Analysis of data from multiple farms and years is highlighting agronomic trends and providing farmers with information that could boost their production efficiency as they face up to a reduction in support payments.
The latest results for harvest 2017 show the average winter wheat yield for ProCam 4Cast growers is 9.2t/ha, 0.9t/ha above the Defra average, with the top 25 per cent of these growers achieving 10.4t/ha, according to ProCam managing director John Bianchi.
“By increasing efficiency of production, farmers can offset some of the harmful reductions in support payments. The main prerequisite for improvement is attention to detail in every decision. Timing of all operations is important – the day you drill is the most important day of all.”
The data showed that oilseed rape had the best gross margin in 2017, one of few crops that were achieving profitability without support payments. However, some growers reported that yields seemed lower after spring barley, a fact backed up by ProCam 4Cast data, says ProCam’s Mike Thornton.
“The best yield was following winter barley and the poorest following spring barley. Winter barley comes off in July allowing for more breakdown of trash and not the lock up of N there may be with spring barley. Also, with spring barley, if sulphonylurea is going on later a bit more of a residue build-up in soil could also impact on the following OSR crop. One option could be to grow a Clearfield variety which has tolerance to SU herbicides.
“If you have a slightly later drilling date for rape, look at anything that can help chlorophyll work more efficiently, for example, DAP,” adds Mr Thornton.
ProCam’s Nick Myers expects that although spring cropping remains a popular strategy for black-grass control, after difficulties getting crops in this spring, growers are likely to carry on drilling in the autumn if conditions are favourable. “Spring cropping has probably peaked and there may be some reversion back to winter cropping,” he predicts.
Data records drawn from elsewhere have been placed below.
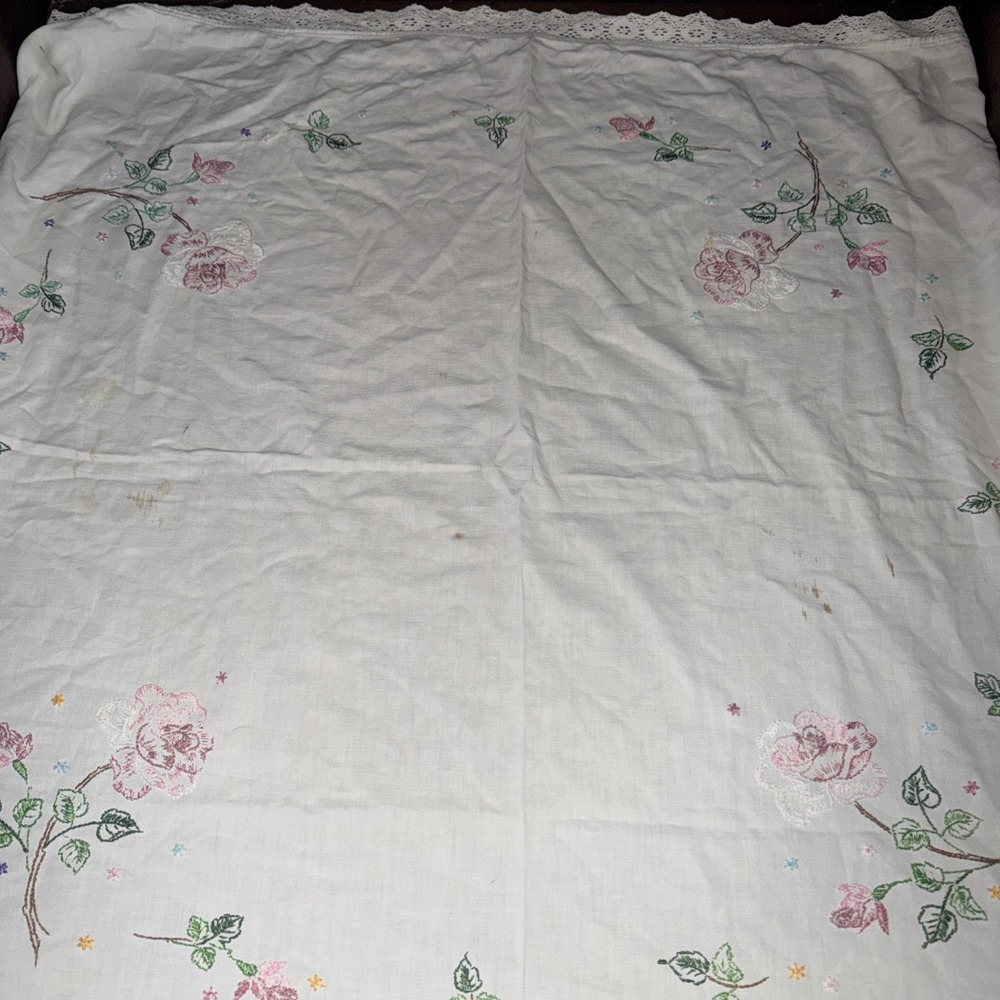 Vintage Hand Embroidered Climbing Vibrant Floral 36" x 42"Tablecloth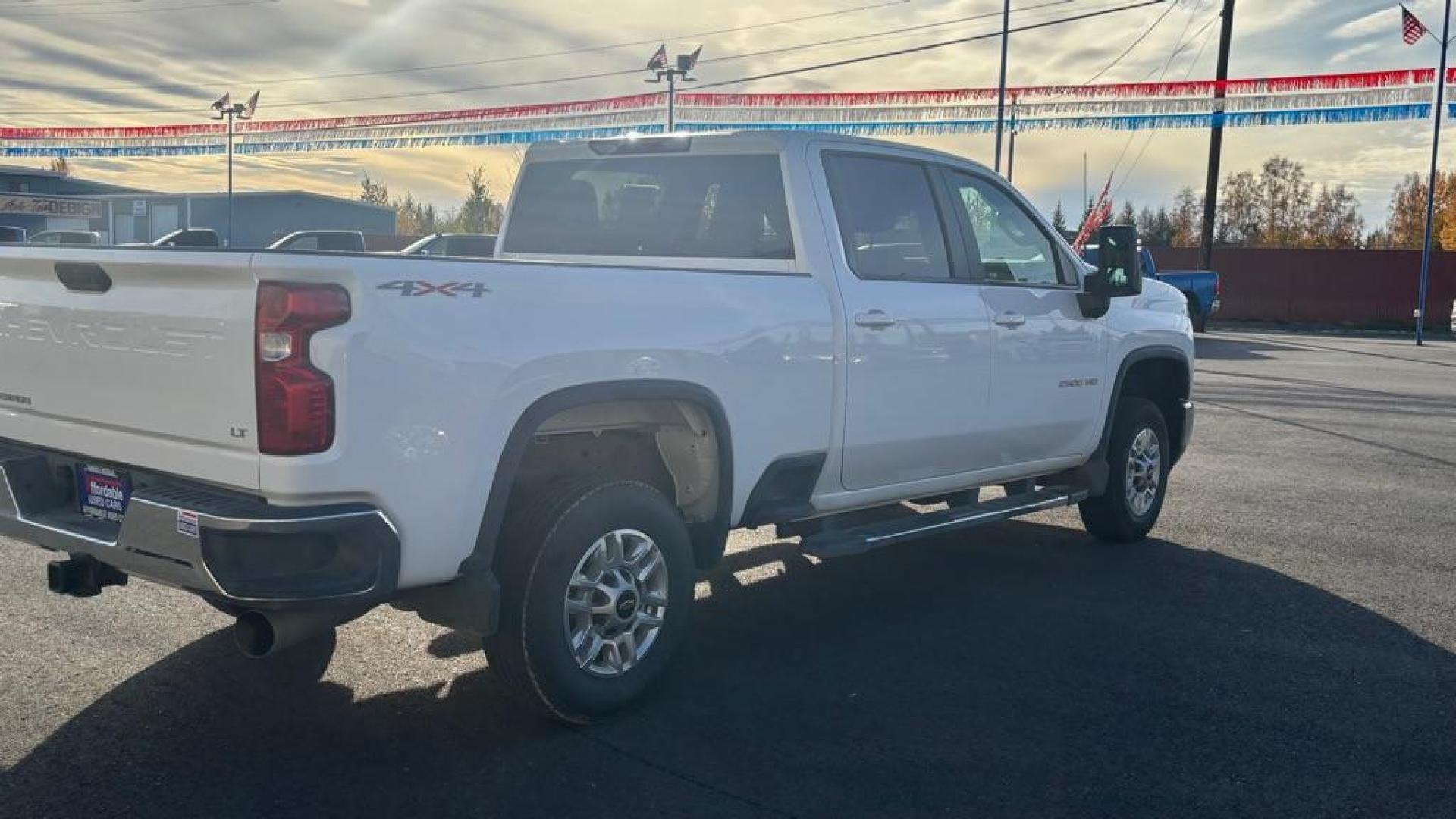 2024 WHTIE CHEVROLET SILVERADO 2500 HEAVY DUTY LT (1GC4YNEY3RF) with an 6.6L engine, Automatic transmission, located at 2525 S. Cushman, Fairbanks, AK, 99701, (907) 452-5707, 64.824036, -147.712311 - Photo#4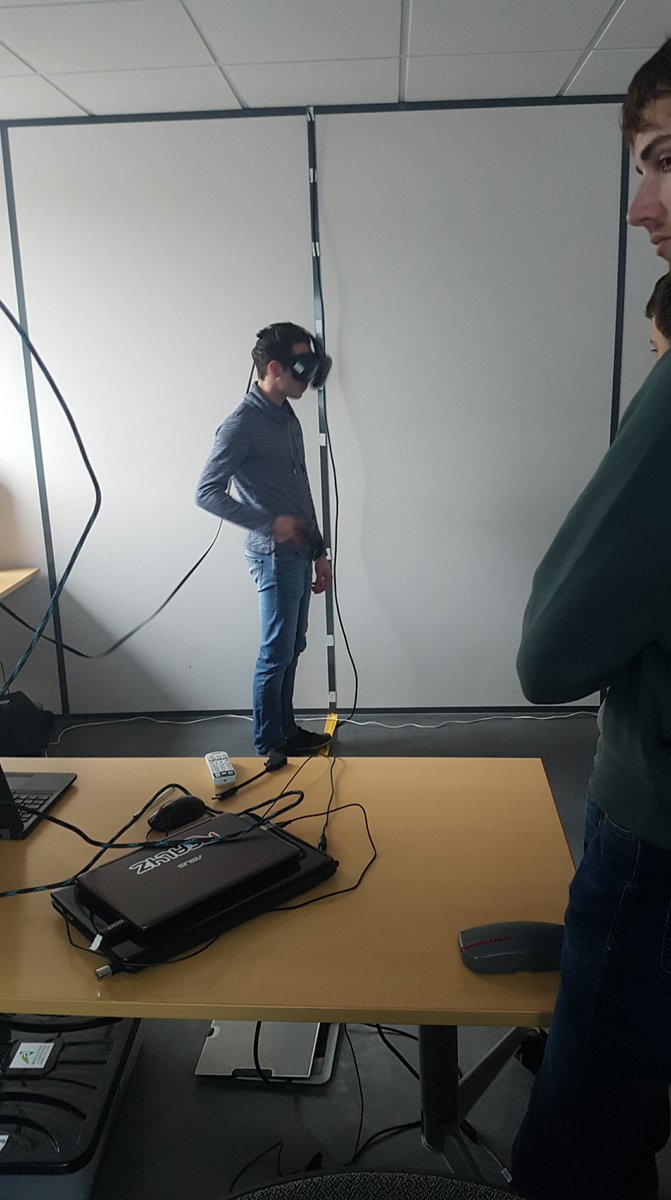 RealyzVR's tweet photo. Visite des étudiants du Lycée agricole de Laval pour connaître et tester les outils de #Realitevirtuelle dans les domaines du #bâtiment et #agriculture ! Ils ont été conquis c'est certain !!!😄 @fdsea53 @Agri_53 @philippe_jehan @ChambagriPdL https://t.co/iRxT6MAt2f
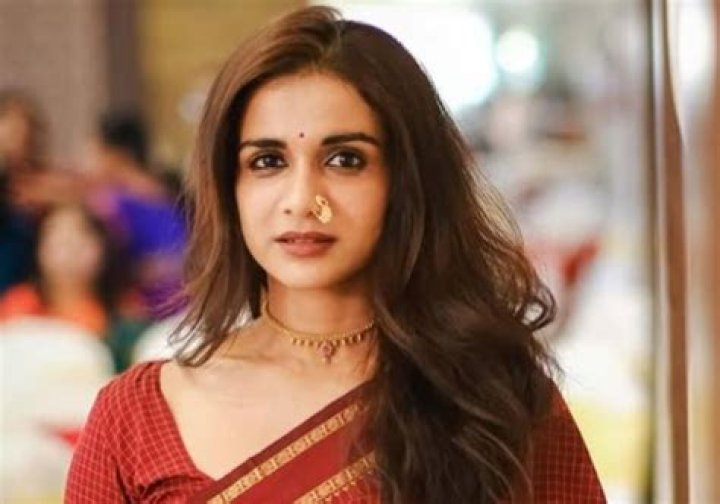 Resham Shrivardhan Height, Weight, Net Worth, Age, Birthday, Wikipedia, Who, Instagram, Biography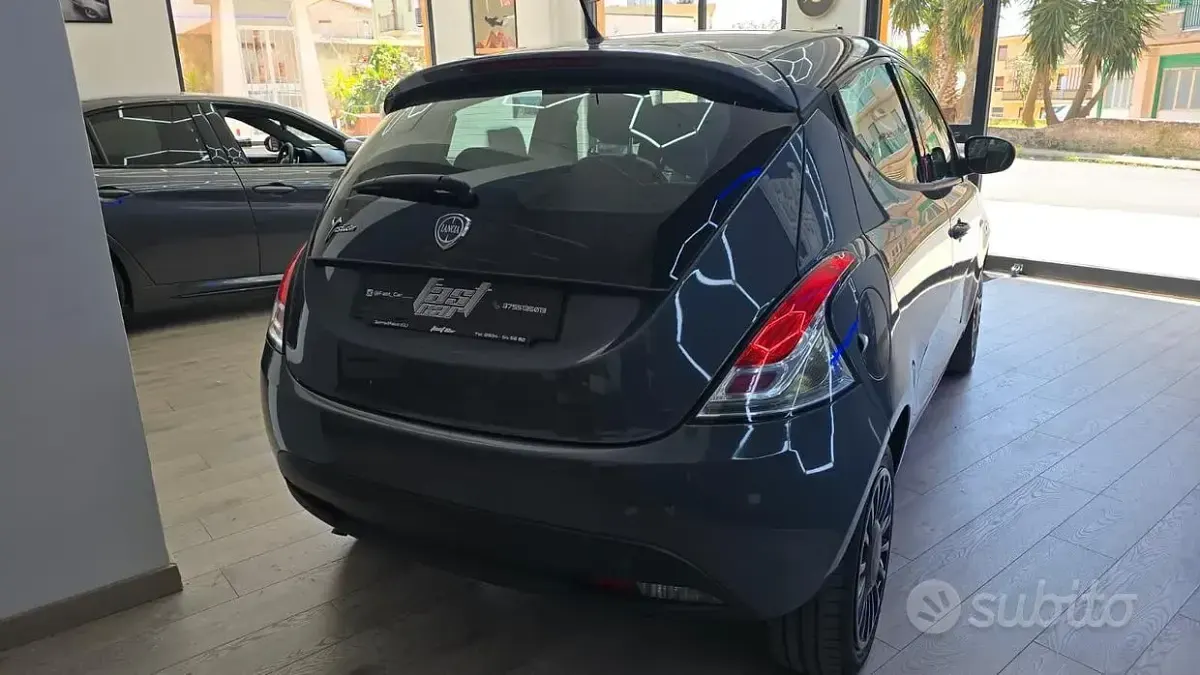Usata Lancia Ypsilon 69 CV (50 kW) 2014 Grigio Utilitaria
For growers drilling in autumn, ProCam 4Cast data has highlighted that while average drilling date has shifted from October 2 to October 12 between the harvests of 2011 and 2017, yield has not declined. Mr Myers says: “The thinking is that any yield penalty from later drilling is offset by crops containing less black-grass.
“Also, there may be scope for more growers to drill later. While the peak drilling date for the majority of growers was early October, the peak for growers in the top 25 per cent for winter wheat gross margin was after mid-October.”
Soil temperatures tend to be lower with later drilling which can help improve herbicide efficacy, says Mr Thornton. “There is slower degradation of the herbicide and soil should have a higher moisture content which will enable the herbicide to work better.”
However, it is important to consider factors such as seedbed, seed rate and variety when drilling later, he says. “With later drilling, you need to prepare a good seedbed to get the crop established quickly. You also need a wheat variety that can compensate for later drilling through tillering, or is flexible with regard to drilling date.”
With more black-grass issues reported this season than last, Mr Myers said this was likely to be because a particularly dry spring last year meant survivors did not flourish whereas this year a wetter spring favoured them.